São Paulo, Brazil – Brazil’s Federal Police last week arrested a man accused of vast deforestation in the Amazon rainforest. Police say businessman Bruno Heller controls an illegal logging operation that destroys forests near Indigenous lands in order to raise cattle.
Heller was arrested on August 3 at his home in Novo Progresso, a municipality in the northern state of Pará.
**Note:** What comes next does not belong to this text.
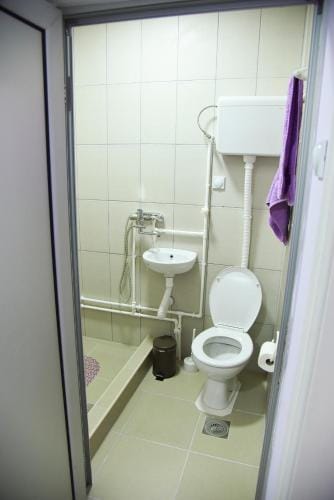 PRENOCISTE PILOT Hotel in Serbia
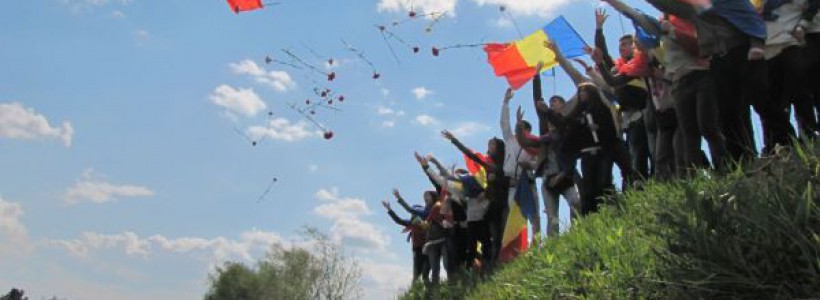 [FOTO] Un pod de suflet peste Prut, în această seară de la ora 22, realizat împreună cu studenţi din Republica Moldova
At the scene, federal agents found the equivalent of R$ 125,000 (USD $25,000) in euro, dollars, and reals; an illegal weapon; and almost half a kilo of undocumented raw gold, believed to have originated from illegal mining in the region.
According to authorities, Heller’s gang is responsible for clearing 6,500 hectares of forest and having illegally appropriated 21,000 hectares of public land along Indigenous reserves and environmentally protected areas.
The court ordered the confiscation of 16 farms, 10,000 livestock, and R$ 116 million (USD $23 million) belonging to the gang.
The investigations began after the Federal Police identified a deforested area on the outskirts of the city of Novo Progresso, where part of the forest vegetation had given way to a large cattle ranch. Agents then began to follow the gang’s steps closely and discovered how the land-grabbing scheme worked.
Police say the group irregularly appropriated land near land they already owned and registered it in the National Rural Environmental Registry System, a digital platform used for registering rural lands. They then cut down the forest on those properties and used it for grazing livestock.
This wasn’t Heller’s first run-in with authorities. Since 2006, Brazil’s environmental conservation agency IBAMA has issued 11 fines and six embargoes against him related to irregularities and deforestation, and the agency even banned Heller from carrying out agricultural activities on his properties, ordering him to remove animals from his ranches.
Federal Police have said that investigations into Heller and his gang are ongoing.